The attending may have been more judicious in their volume replacement or more tolerant of a lower hemoglobin level, knowing that a RBC product was immediately available for transfusion if the subject’s clinical condition were to change rapidly. In such a setting, the attending may have been more restrictive in their transfusion and/or volume replacement with the security of having the salvaged blood immediately available. Alternatively, the attending may have been more liberal with their transfusion and/or volume replacement in subjects in the cell saver group simply due to the fact that salvaged cell saver blood was immediately available, did not require the typical steps to prepare and obtain allogeneic RBCs from the blood bank, and since it did not constitute an additional donor exposure. Strict targeting of Hb levels might have made our intervention groups’ transfusion management more uniform, but does not allow for clinical judgment of the physician, which by definition is not in the best interest of the study subjects.

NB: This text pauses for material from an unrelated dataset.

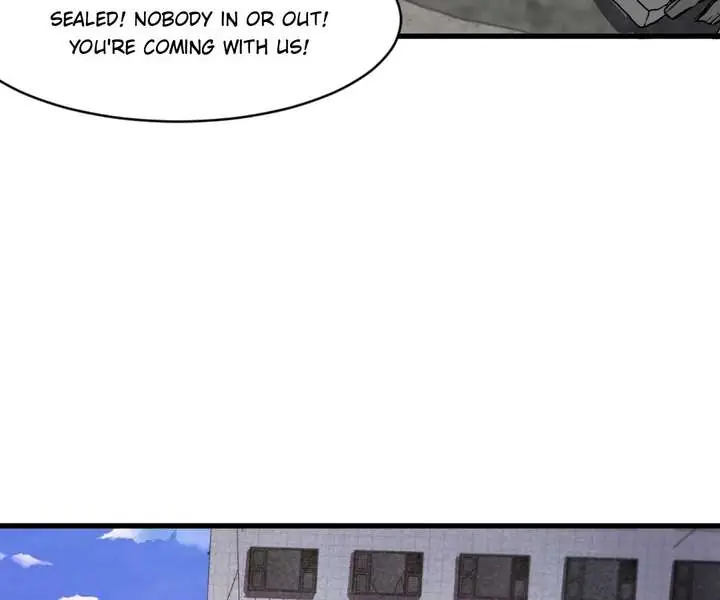 The Lone SSS-Class Summoner Chapter 208 Page 22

To our knowledge, this is the only prospective randomized trial of clinical outcomes following re-administration of cell saver blood stored for up to 24 hours at the bedside. This study is strengthened by its high enrollment, with excellent capture of eligible subjects. There was an extremely high rate of collection of subjects randomized to the cell saver group, and subject data was analyzed according to intent-to-treat. Also, as there were no protocol violations and no subjects were lost to follow up we believe our results are a true reflection of the impact of the study intervention.

CONCLUSIONS

Cell saver blood can be safely stored at the bedside, with multiple aliquots drawn off for transfusion up to 24 hours post-collection. This strategy is highly desirable as it allows RBCs to be immediately available, without increased donor exposure, to correct for anemia and for volume replacement in a critically ill population. Rate of infections and inflammation were not increased in subjects receiving cell saver blood.

Cell saver use significantly reduced the number of RBC transfusions in the immediate post-operative period. Furthermore, subjects receiving cell saver blood required significantly fewer coagulant product transfusions and donor exposures. There was a trend toward decreased volume of crystalloid infused post-op, decreased thrombosis, and shorter duration of mechanical ventilation and inotropes. Larger studies are needed to confirm these results and to determine whether the decreased number of blood product transfusions and exposures are associated with improved clinical outcomes. Cell savers are cost-effective. Use of cell savers to limit RBC transfusions and donor exposures should be considered in pediatric cardiac surgery with CPB.

Acknowledgments

We thank the children and families who participated in this study. We also thank Regina Cable, PNP, for her assistance with consent procedures. We thank Hongyue Wang PhD for her assistance with sample size calculations and our power analysis. We thank the pediatric cardiac operating room staff, anesthesiologists and perfusionists for assistance with study procedures. We thank the PCICU attendings, fellows and staff, and the Blood Bank/Transfusion Service technical staff for their assistance with study procedures.

Financial support: The Fresinius Continuous AutoTransfusion SystemR (CATS ) was donated for use at the URMC by Terumo Corporation. This did not have any role in the study design, collection, analysis and/or in the decision to submit the manuscript for publication. There are no relationships with industry.

Footnotes

Reprints will not be ordered.

Conflict of interest statement: There is no conflict of interest for any author. No author has any financial or personal relationship with other people or organizations that could inappropriately influence his/her work.